Given that it is a low-energy, low-emission mode of transportation that can reduce costs significantly, India should not miss the opportunity to develop high-speed rail

- - -HSR is a better option in terms of energy efficiency, carbon footprint and inter-city travel time than air travel

- - -To meet India's rail transport demand, there should be three sets of double tracks: the first one for conventional trains, the second for freight trains, and the third for HSR in the high-traffic-density corridors such as Golden Quadrilateral (GQ) and its diagonals. Ignoring this ground reality would escalate our internal and external costs of transport. This is evident from the fact that in the absence of sufficient rail capacity, both passenger and freight business has moved to road transport - and this trend would continue unabated.

- - -Indian Railways has planned HSR only on these high-demand routes. The government has no intention of developing HSR using its own funds - it would remain the facilitator in the execution of the project. As and when the corridors become financially viable, they would be taken up for HSR execution either with 100 per cent foreign direct investment or through public-private partnerships, or some other format where the government funding would be nil. Thus the question of splurging taxpayer's money on HSR projects does not arise at all.
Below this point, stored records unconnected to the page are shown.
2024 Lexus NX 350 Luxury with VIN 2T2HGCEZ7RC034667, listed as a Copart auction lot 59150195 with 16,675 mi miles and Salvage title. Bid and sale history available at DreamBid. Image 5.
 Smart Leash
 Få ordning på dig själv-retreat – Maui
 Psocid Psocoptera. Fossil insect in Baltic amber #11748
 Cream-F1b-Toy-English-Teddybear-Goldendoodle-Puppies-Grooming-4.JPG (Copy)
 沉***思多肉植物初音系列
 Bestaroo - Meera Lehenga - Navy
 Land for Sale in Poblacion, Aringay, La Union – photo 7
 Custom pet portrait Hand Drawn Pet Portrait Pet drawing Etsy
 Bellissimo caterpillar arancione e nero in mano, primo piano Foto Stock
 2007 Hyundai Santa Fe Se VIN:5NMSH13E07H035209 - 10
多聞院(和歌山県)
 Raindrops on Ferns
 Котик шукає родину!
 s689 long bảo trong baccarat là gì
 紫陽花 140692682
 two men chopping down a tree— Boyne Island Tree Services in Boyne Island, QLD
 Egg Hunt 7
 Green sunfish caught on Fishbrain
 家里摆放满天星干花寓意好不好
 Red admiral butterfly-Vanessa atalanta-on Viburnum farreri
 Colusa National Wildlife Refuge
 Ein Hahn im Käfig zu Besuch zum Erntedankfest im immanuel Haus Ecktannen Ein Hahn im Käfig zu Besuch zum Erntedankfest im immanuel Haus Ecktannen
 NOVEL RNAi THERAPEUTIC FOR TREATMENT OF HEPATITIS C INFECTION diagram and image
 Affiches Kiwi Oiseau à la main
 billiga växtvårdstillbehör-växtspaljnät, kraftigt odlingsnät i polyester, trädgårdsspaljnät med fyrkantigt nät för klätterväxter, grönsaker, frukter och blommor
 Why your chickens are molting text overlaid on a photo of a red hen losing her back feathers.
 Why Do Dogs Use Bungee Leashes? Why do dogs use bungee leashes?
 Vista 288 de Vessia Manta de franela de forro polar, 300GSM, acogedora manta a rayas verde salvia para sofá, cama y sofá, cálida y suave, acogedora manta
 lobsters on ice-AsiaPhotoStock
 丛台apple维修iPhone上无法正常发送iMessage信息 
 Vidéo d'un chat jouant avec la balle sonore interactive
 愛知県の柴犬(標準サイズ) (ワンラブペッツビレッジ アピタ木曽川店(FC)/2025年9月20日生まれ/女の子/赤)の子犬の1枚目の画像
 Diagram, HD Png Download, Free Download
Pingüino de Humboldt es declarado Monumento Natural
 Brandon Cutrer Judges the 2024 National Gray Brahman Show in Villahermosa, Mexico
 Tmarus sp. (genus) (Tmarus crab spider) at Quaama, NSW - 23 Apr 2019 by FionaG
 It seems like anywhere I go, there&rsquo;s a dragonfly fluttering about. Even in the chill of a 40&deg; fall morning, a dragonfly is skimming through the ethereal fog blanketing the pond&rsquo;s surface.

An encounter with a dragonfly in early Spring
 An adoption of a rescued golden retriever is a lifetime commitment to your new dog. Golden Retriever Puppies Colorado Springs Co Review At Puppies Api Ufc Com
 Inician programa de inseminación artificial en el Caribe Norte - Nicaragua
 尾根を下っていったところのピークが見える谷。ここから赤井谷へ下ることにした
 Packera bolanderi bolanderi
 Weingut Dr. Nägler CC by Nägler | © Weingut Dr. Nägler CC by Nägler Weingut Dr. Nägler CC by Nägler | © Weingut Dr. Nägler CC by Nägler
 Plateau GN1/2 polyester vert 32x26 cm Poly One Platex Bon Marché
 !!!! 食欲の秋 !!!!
- - -According to the International Union of Railways, to construct one kilometre of HSR (two lines), 3.2 hectares per km is required, whereas to construct a six-lane highway, 9.3 hectares per km is required.


These are the key take-aways for me from a reading of the column in the Business Standard by Dr Ramakrishnan T S, a PhD in public systems from Indian Institute of Management, Ahmedabad. To read the full text, click here.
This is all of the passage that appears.